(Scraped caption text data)
++++++++++++++++++++

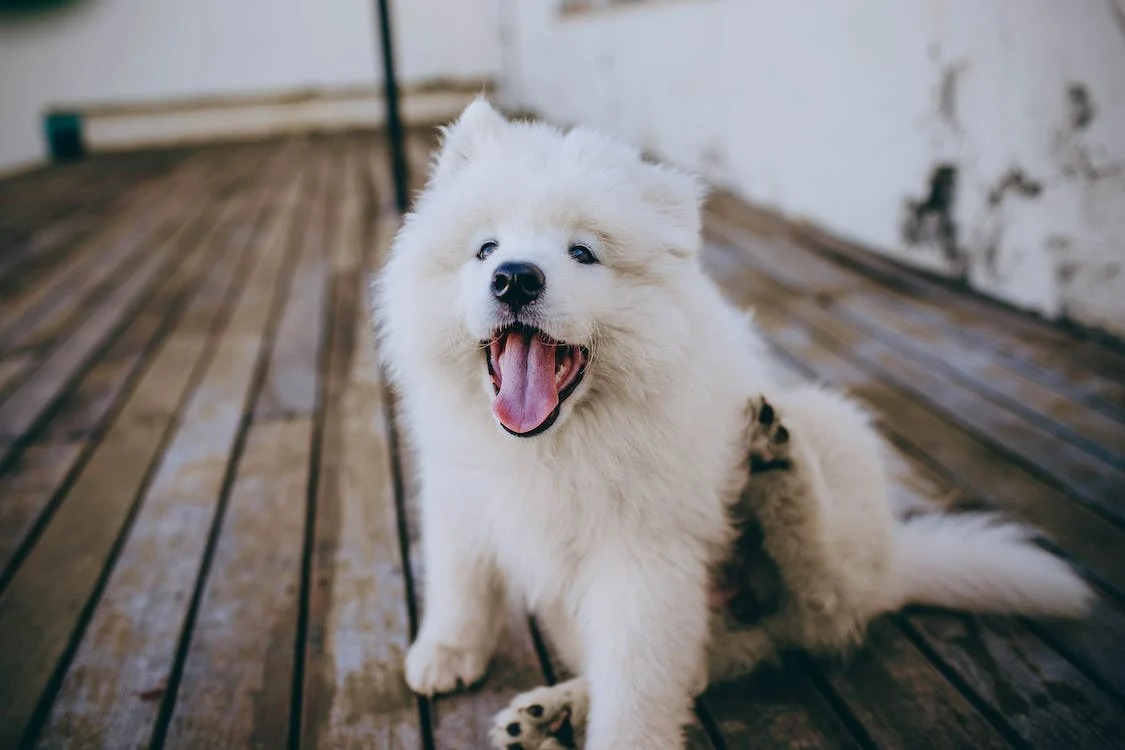 Playful dog engaging in a game emphasizing the entertainment value of dogs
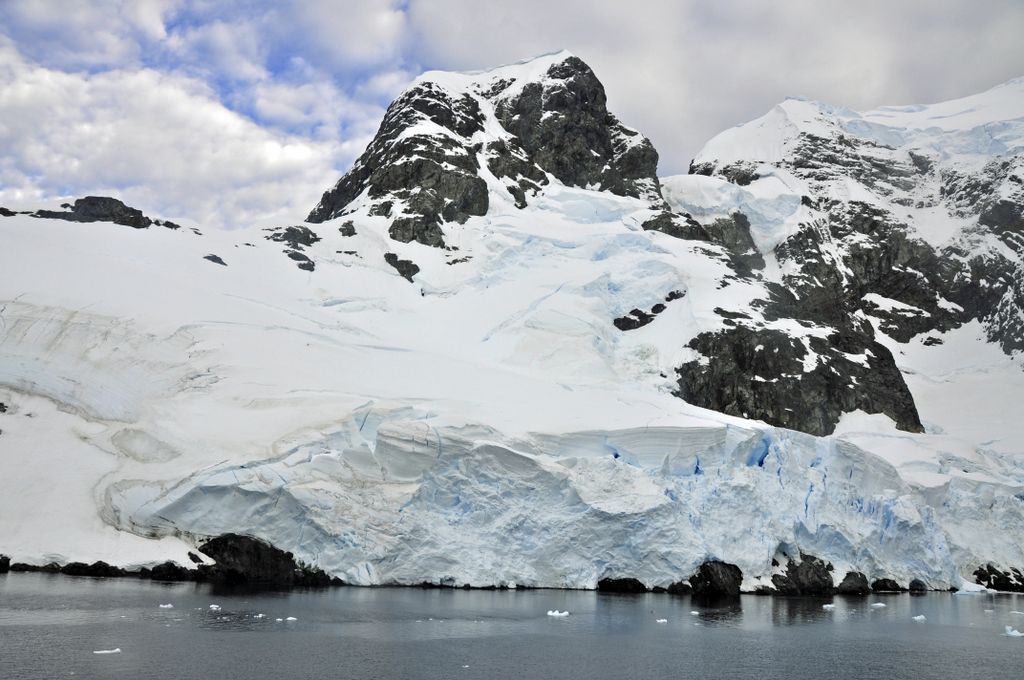 Mit der MS Delphin nach Falkland und in die Antarktis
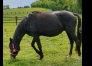 Etoile-du-domaine-0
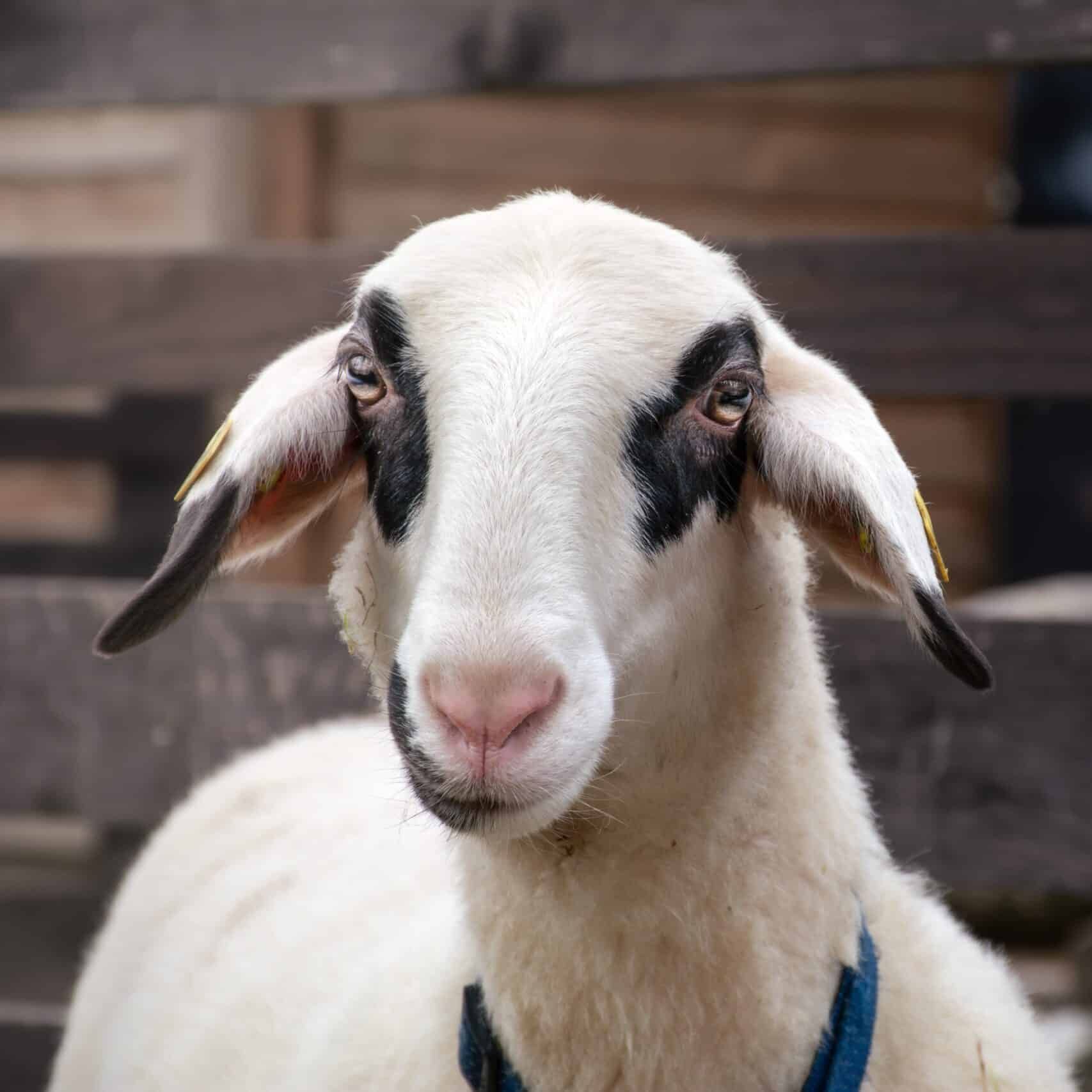 Happy End für Forschungsschaf Susi.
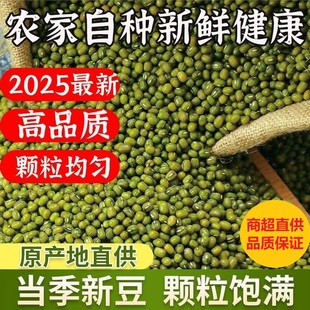 25年绿豆新鲜发芽农家新货绿豆薄皮优质绿豆粥绿豆糕 商超直供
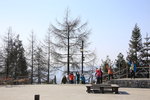 IMG_5545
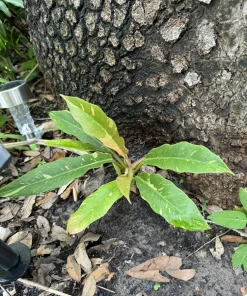 Philodendron Ring of Fire Variegated Live Plant - Indoor Houseplant - Image 2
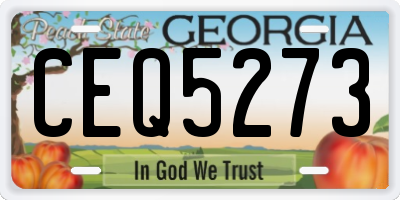 GA license plate CEQ5273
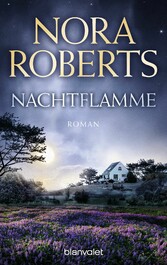 Nachtflamme - Roman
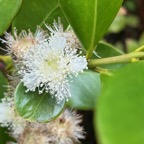 2. Fleur de Psidium cattleianum - Goyavier - Myrtacée - exo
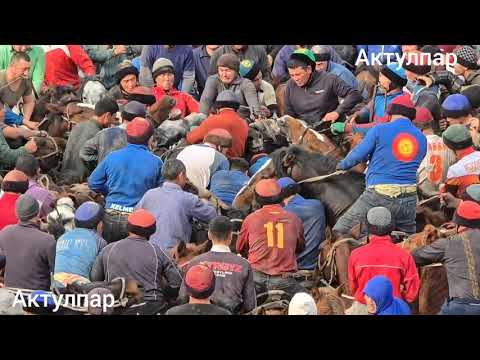 Видео: Улактын кайнаган жеринен 10 ноября 2025 #аламанулак 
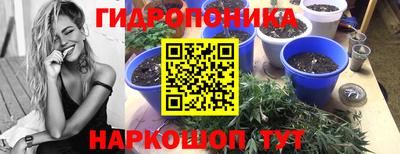 бошки Анапа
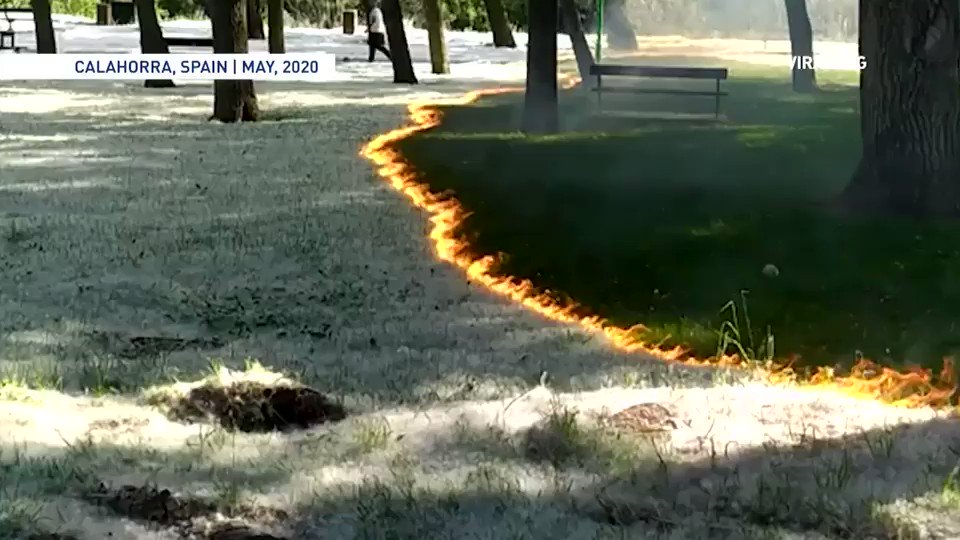 The Weather Network on Twitter "Mesmerizing video shows a line of fire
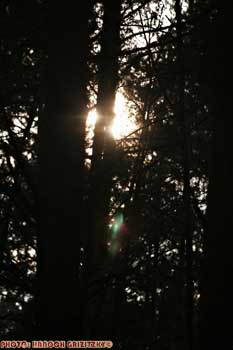 IMG_ (10315)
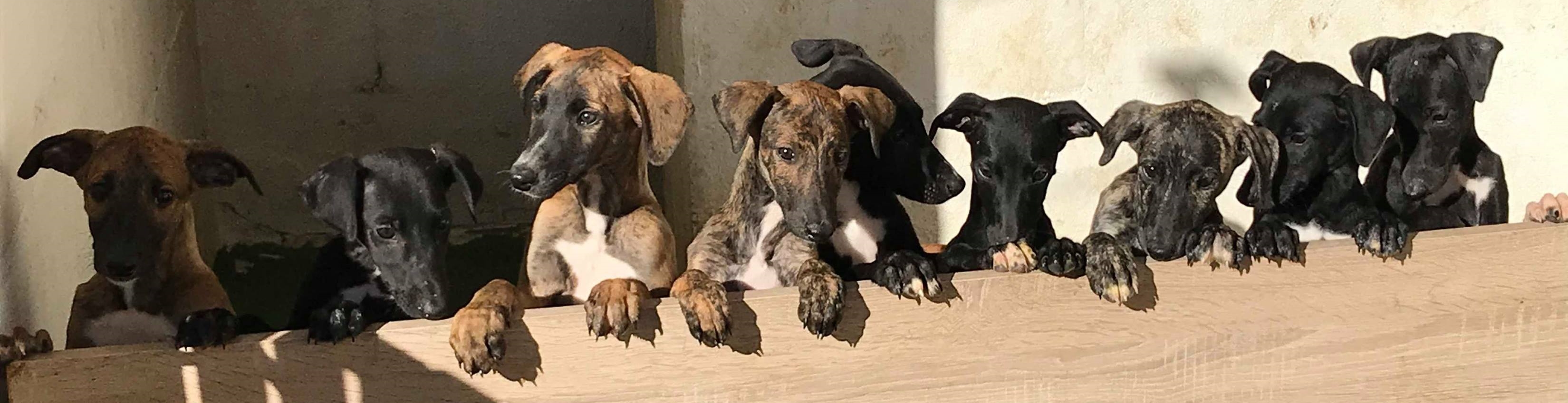 Nos Chiots A L Adoption Sauvetage Adoption De Levriers Galgos Podenco Espagnols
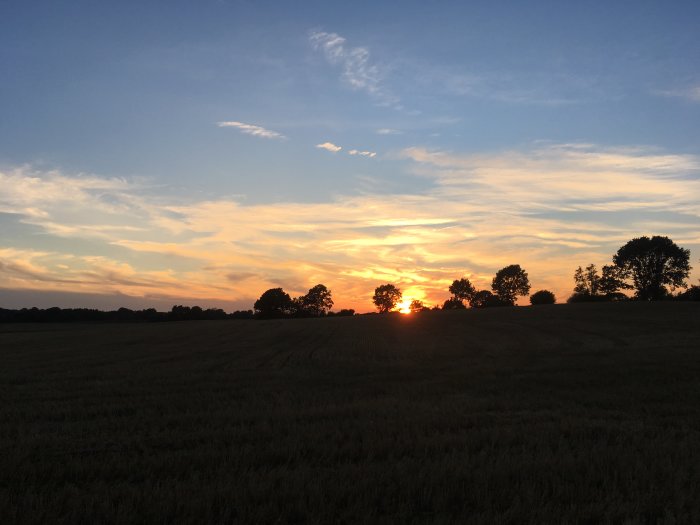 Solnedgång över ett öppet fält med träd siluetter mot en mångfärgad himmel, datum markerat 29 juli 2018.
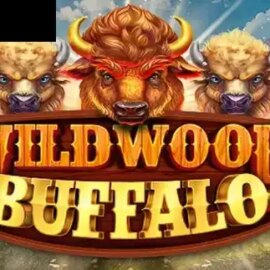 Wild Wood Buffalo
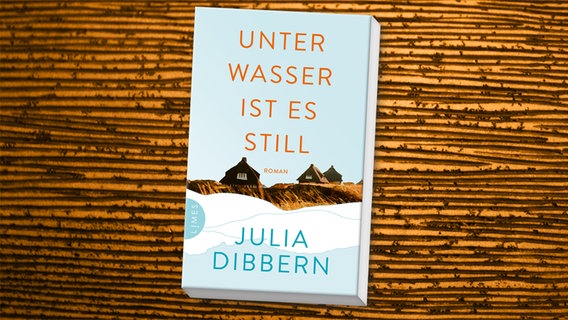 Buchcover: Julia Dibbern - Unter Wasser ist es still © Limes 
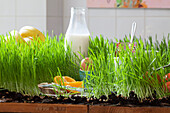 A laid breakfast table planted with grass in a kitchen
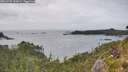 ./images/calvert/foggy-cove/20260728/foggy-cove20260728_165002M.jpg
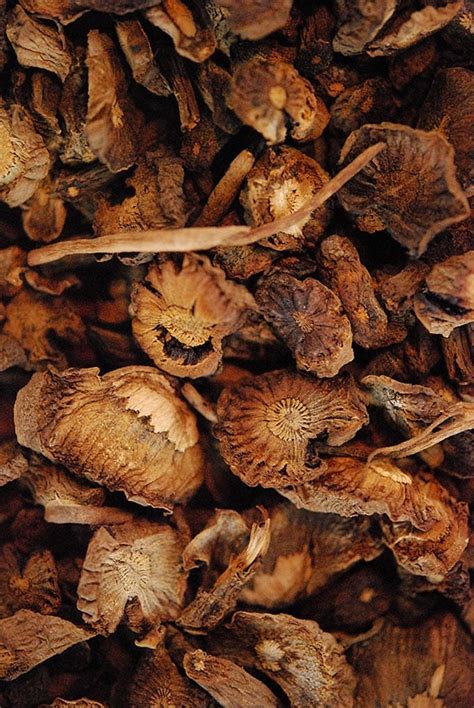 Kuvatulokset haulle how to roast chicory root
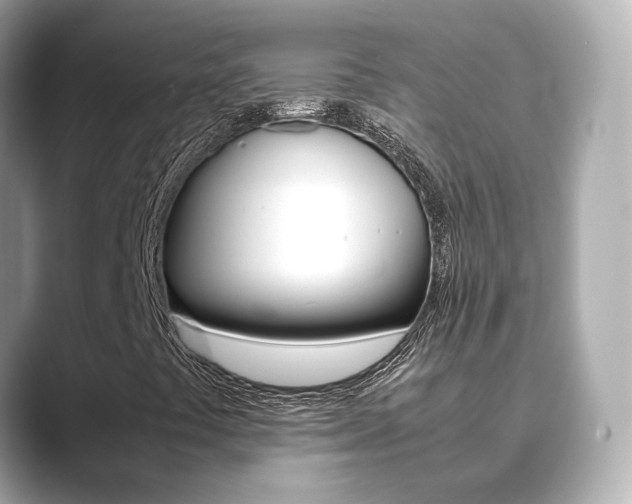 X0000089691441200706210824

++++++++++++++++++++

**What is expected**
Please output exactly the lines of the data above, from its first line through the line with "Nachtflamme - Roman", and nothing else; drop the pictures.

**Answer box**
 Playful dog engaging in a game emphasizing the entertainment value of dogs
 Mit der MS Delphin nach Falkland und in die Antarktis
 Etoile-du-domaine-0
 Happy End für Forschungsschaf Susi.
 25年绿豆新鲜发芽农家新货绿豆薄皮优质绿豆粥绿豆糕 商超直供
 IMG_5545
 Philodendron Ring of Fire Variegated Live Plant - Indoor Houseplant - Image 2
 GA license plate CEQ5273
 Nachtflamme - Roman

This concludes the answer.